Material supplied Block Start

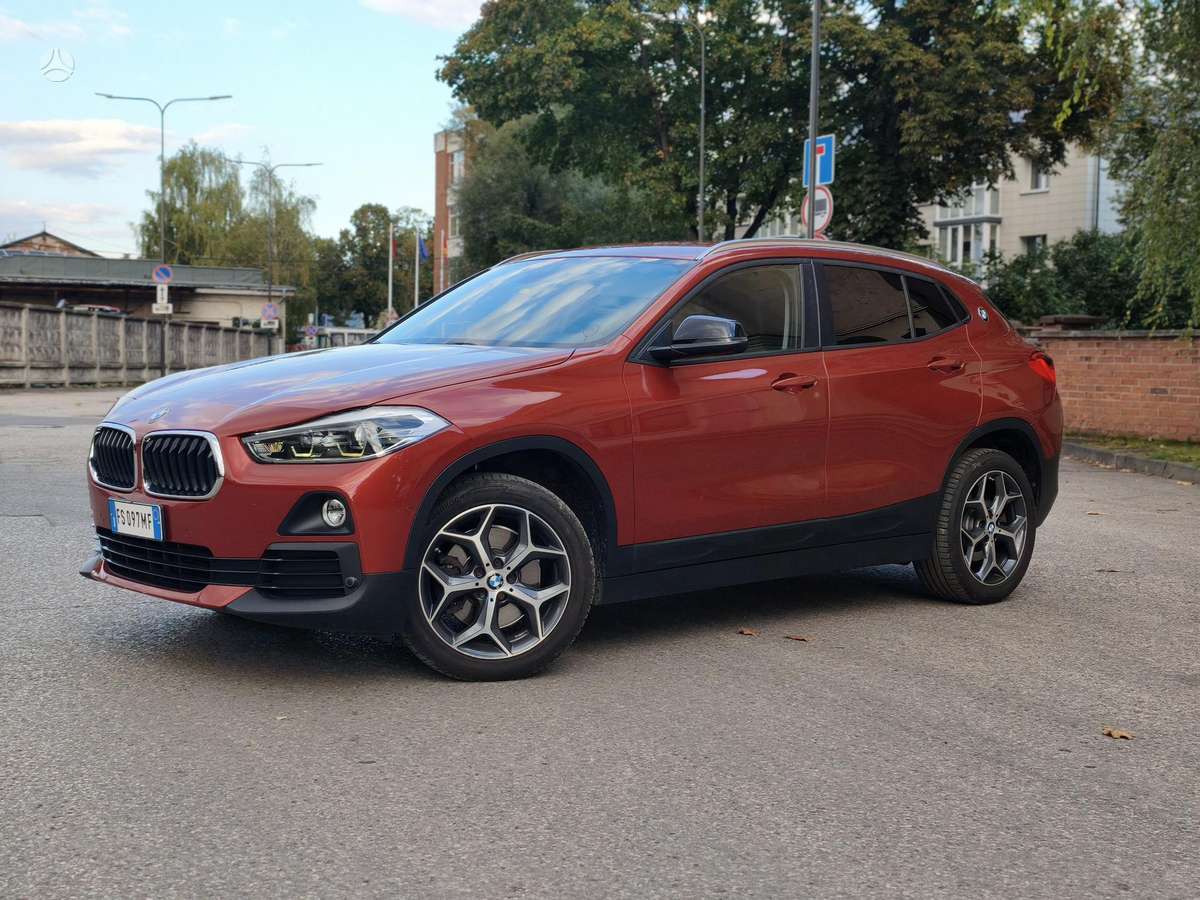BMW X2, 2.0 l., off-road / crossover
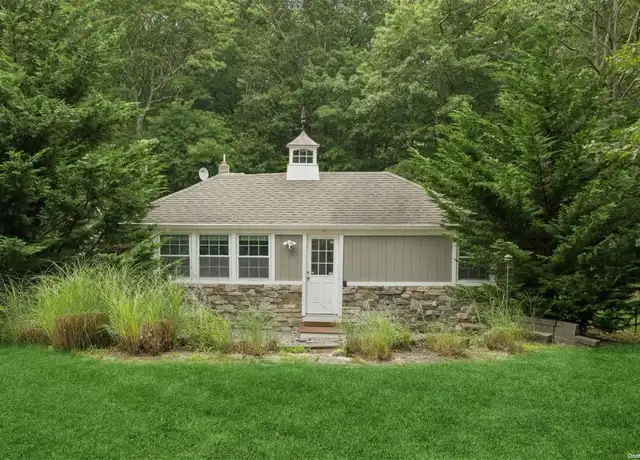 Property at 136 Washington Heights Ave, Hampton Bays, NY, 11946, 2 beds, 2 baths, [object Object]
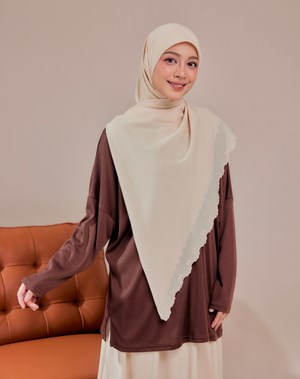 KNITTED TOP - RICH BROWN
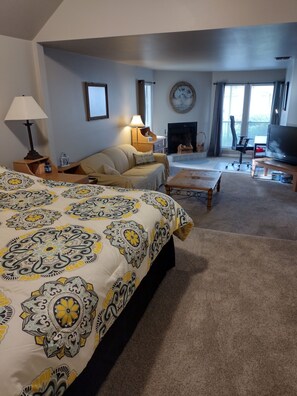 3 bedrooms, desk, free WiFi, bed sheets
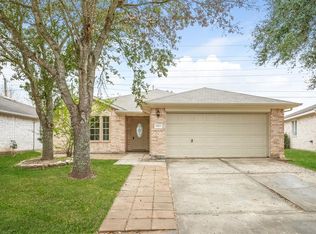 9423 Windy Spring Ln, Houston, TX 77089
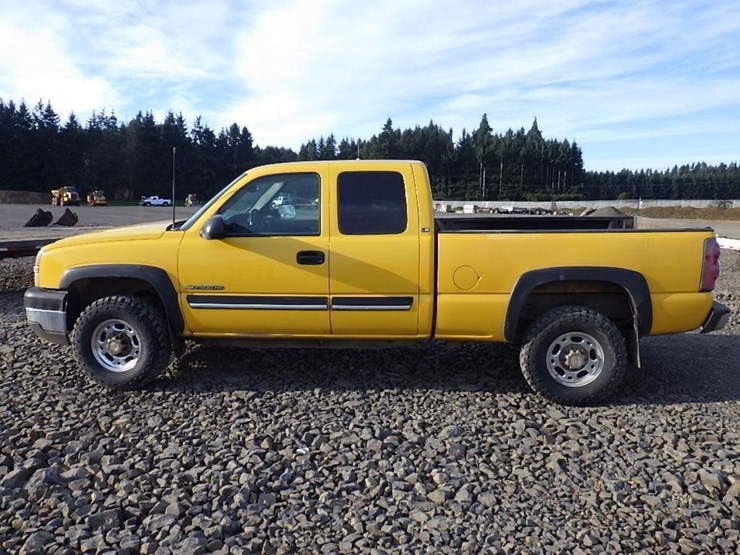 2004-chevrolet-2500-image-8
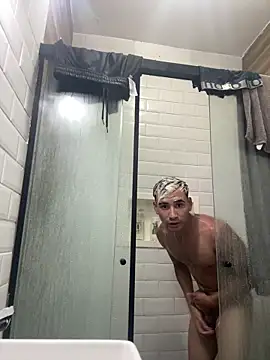 Alexaxelo online show from March 2026 07:21:02 PM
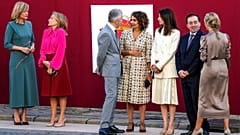 La nueva vicepresidenta de España, María Jesús Montero, en el centro de la imagen  junto a otros ministros. Archivo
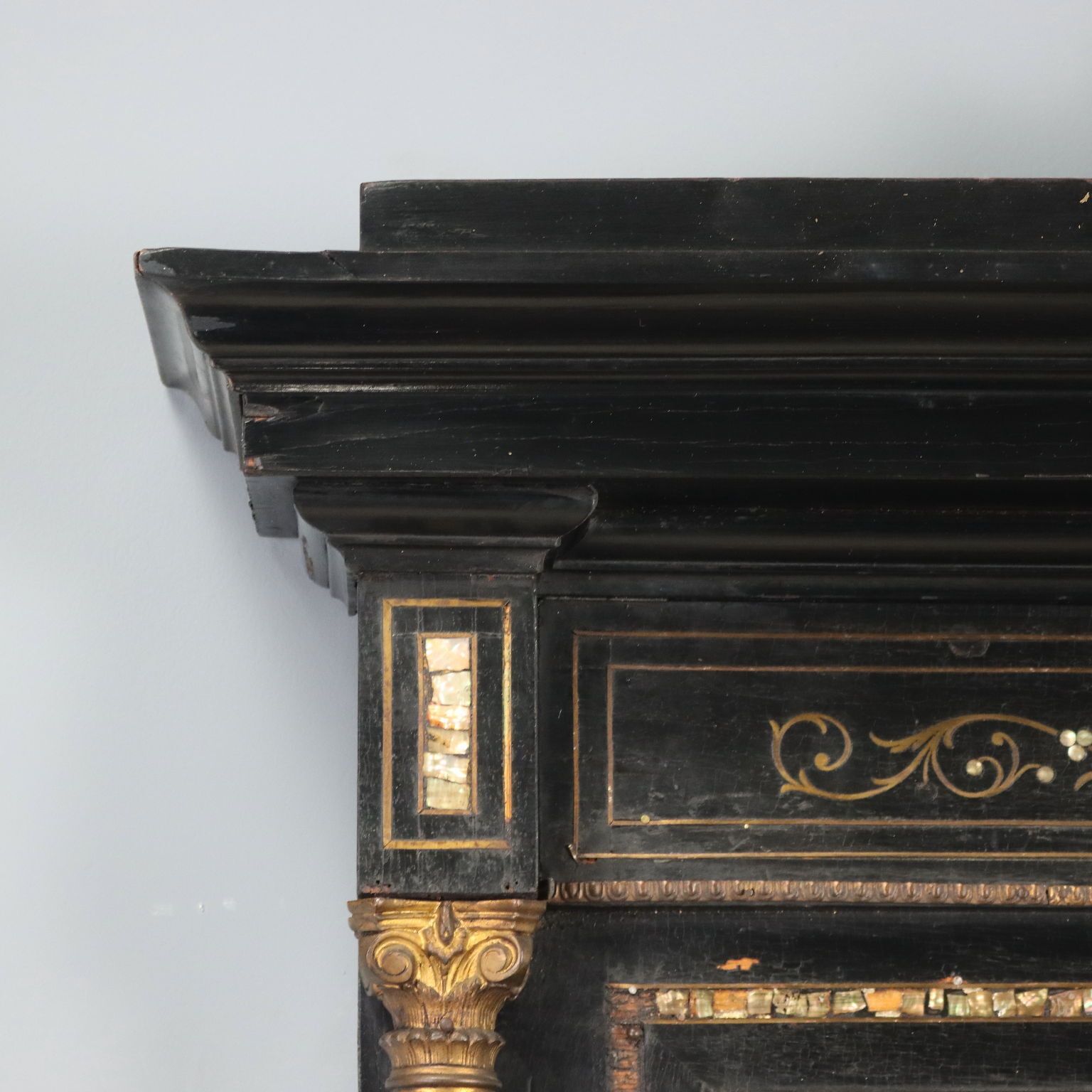 Miroir d'époque en bois ébénisé Inalys, Italie, XIXe siècle photo Décoration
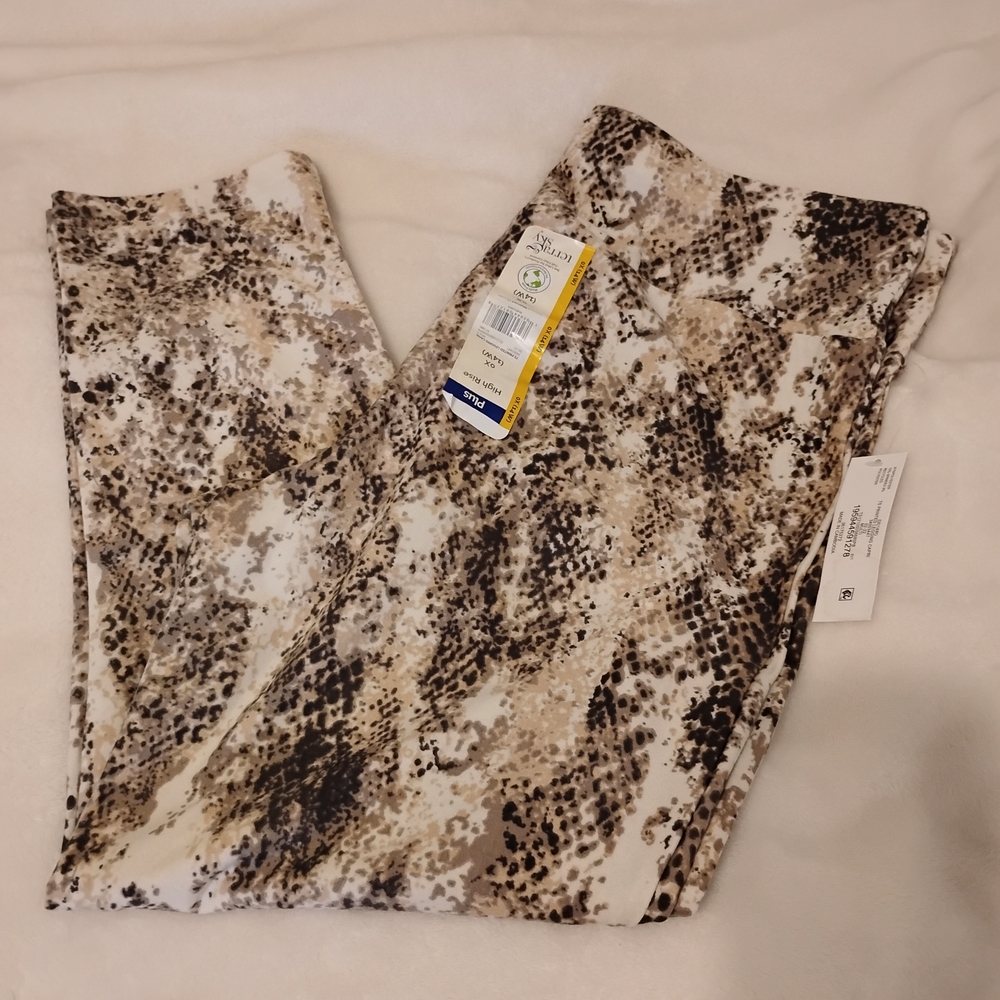 Stylish Cream and Brown Snake Pattern Capris Leggings Size 0X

Material supplied Block End

__About this task__.
Would you write out exactly the lines above, starting at the line containing "9423 Windy Spring Ln, Houston, TX 77089" and stopping after the line containing "Miroir d'époque en"? Omit the pictures.

__Response to this task__.
 9423 Windy Spring Ln, Houston, TX 77089
 2004-chevrolet-2500-image-8
 Alexaxelo online show from March 2026 07:21:02 PM
 La nueva vicepresidenta de España, María Jesús Montero, en el centro de la imagen  junto a otros ministros. Archivo
 Miroir d'époque en bois ébénisé Inalys, Italie, XIXe siècle photo Décoration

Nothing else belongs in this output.